President of the Saint Andrew's Society of the State of New York
- In office 1872–1873
- Preceded by: Robert Gordon
- Succeeded by: Robert Gordon

Personal details
- Born: March 15, 1817 Edinburgh, Scotland
- Died: December 7, 1899 (aged 82) New York City, U.S.
- Spouse: Mary McElroy ​ ​(m. 1845; died 1896)​
- Relations: John Moir (brother) Frederick Moir (nephew)
- Children: 8
- Education: University of Edinburgh

= James Moir (merchant) =

Scottish-American merchant

James Moir (March 15, 1817 – December 7, 1899) was a Scottish-American merchant.

==Early life==
Moir was born on March 15, 1817, in Edinburgh, Scotland. He was the second son of Dr. James Moir (b. 1780) and his wife, the former Margaret Laing Stenhouse. His father, a physician who was a surgeon in the British Navy during the first Napoleonic Wars, was taken prisoner after being wrecked on the coast of France and lived on parole for several years in Verdun, where Dr. Moir and his wife were received "with great kindness and hospitality" by the Emperor Napoleon.

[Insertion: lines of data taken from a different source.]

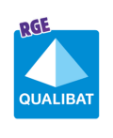 qualibat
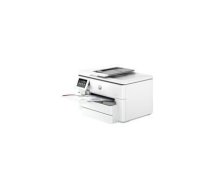 HP OfficeJet Pro 9730e MFP A3
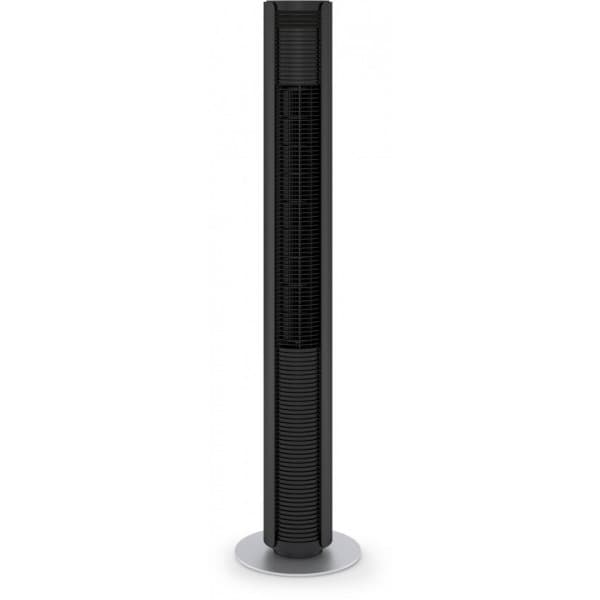 Stadler Form Peter - tårnventilator, sort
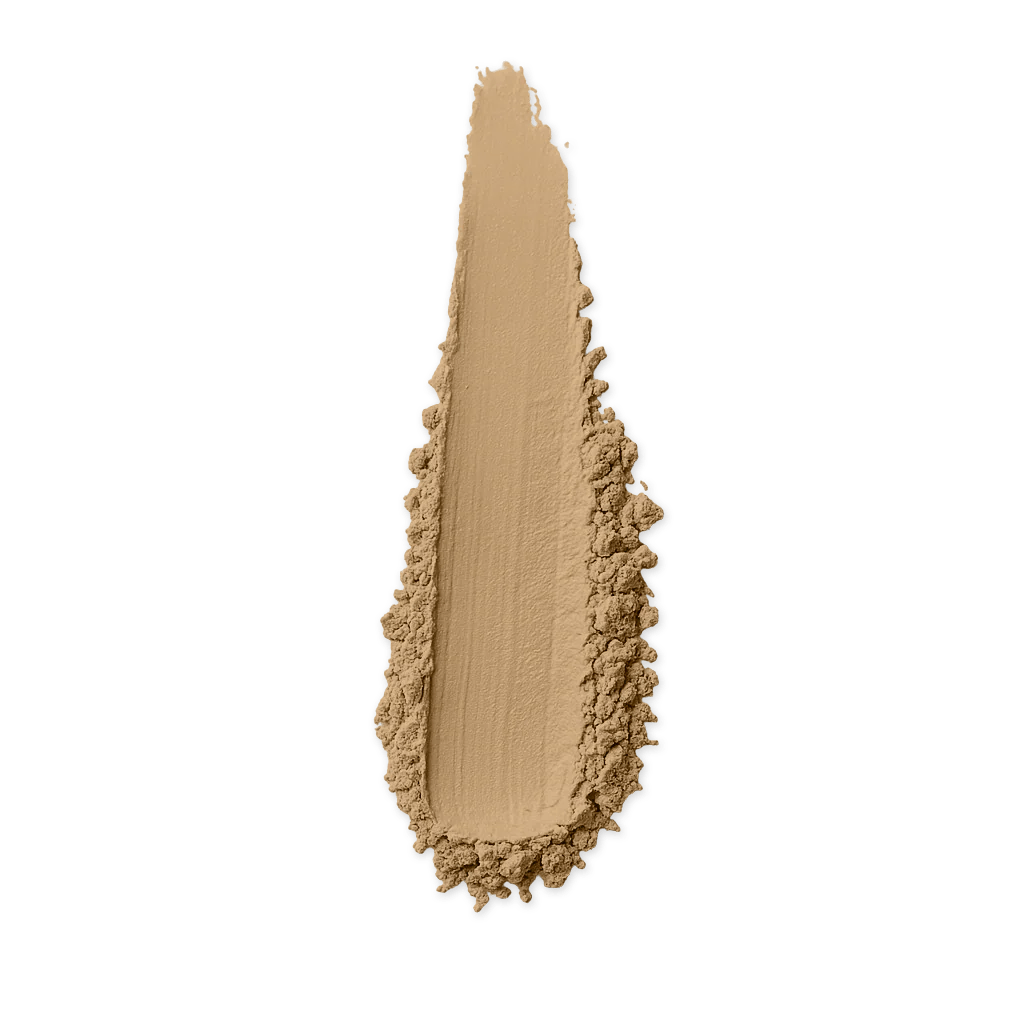 La-Celsa's Setting Powder for Flawless Skin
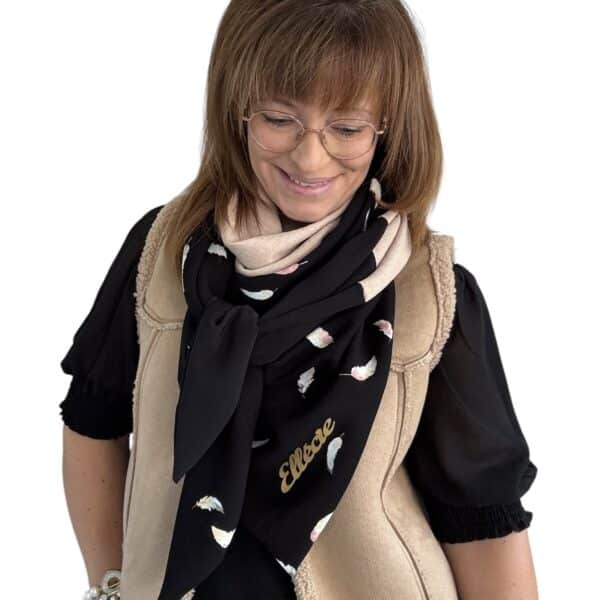 NEW Oxane – Image 2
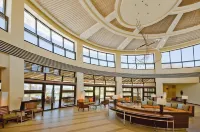 Pico Sands Hotel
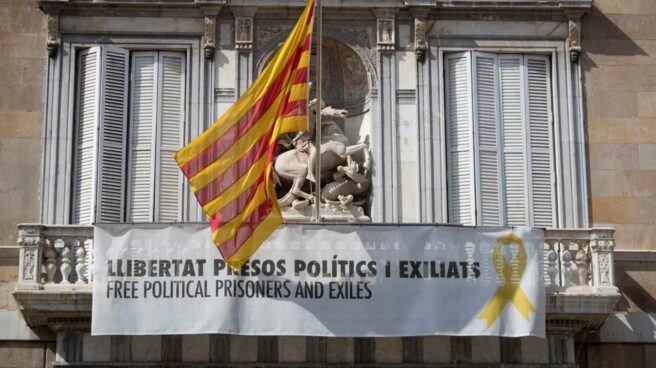 cropped-palau.jpg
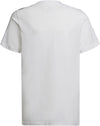 Essentials 3-Stripes shirt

His older brother was Dr. John Moir, president of the Royal College of Physicians of Edinburgh who was one of the founders of the Free Church of Scotland. He married Margaret Louisa Heriot Maitland (a descendant of Charles Maitland, 6th Earl of Lauderdale) and was the father of John William Moir and Frederick Lewis Maitland Moir. His younger brothers were Dr. William Moir, Post Captain of the Port of Bombay, and Hon. Alexander Wilson Moir, Council President of the Turks and Caicos Islands.

Moir attended Edinburgh High School before entering the University of Edinburgh.

==Career==
In 1836, Moir came to America and began his career with the dry goods importing house of Andrew Mitchell & Co. He was later involved with Wilmerdings, Priest & Mount, followed by Crafts & Stell, before becoming senior partner in the Manchester, England based firm of Starvart, Zigomala & Co. before his retirement in 1869.

In 1870, he formed Aborn, Moir & Co. with Robert W. Aborn, the Rhode Island born father-in-law of Mayor William Lafayette Strong. The firm was dissolved in 1877 upon his second retirement.

At the time of his death, he was a director in the Bank of New York, to which he had been elected in 1878.

==Personal life==
On June 3, 1845, he married Mary McElroy (1825–1896), daughter of Marianne Fox (née Walker) McElroy and the Rev. Joseph McElroy, D.D., who was pastor of the Scotch Presbyterian Church in New York from 1820 to 1876. Mary's uncle was Robert J. Walker, the first Governor of Kansas. Together, they were the parents of eight children, including:

- Joseph McElroy Moir (1846–1909), who married Agnes Pond (1856–1929), a daughter of Gideon Hollister Pond.
- Marianne Walker Moir (1848–1874), a twin who married James Robertson Walsh.
- Margaret Stenhouse Moir (1848–1877), a twin.
- Josephine Mason Moir (1851–1927), who married Henry Thomas Lee (1840–1912), son of Thomas Rathbone Lee.
- James Moir (b. 1855)
- William Wilmerding Moir (1857–1902), a Reverend who was the rector of the Church of the Holy Communion.
- Ann Poyntelle Moir (1861–1863), who died in infancy.
- Arthur Duncan Moir (1864–1942), who married Laura Merriam Russell (1863–1936). After her death, he married Theodora Hastings Bates (1883–1969), granddaughter of Charles Theodore Russell and niece of Governor William E. Russell, in 1937.

He was a member of the Union Club, the New York Society Library and the Saint Andrew's Society of the State of New York, of which he served as president from 1872 to 1873.

Moir died on December 7, 1899, at his residence, 26 West 10th Street in New York City. A staunch Presbyterian his entire life, his funeral was held at the University Place Presbyterian Church.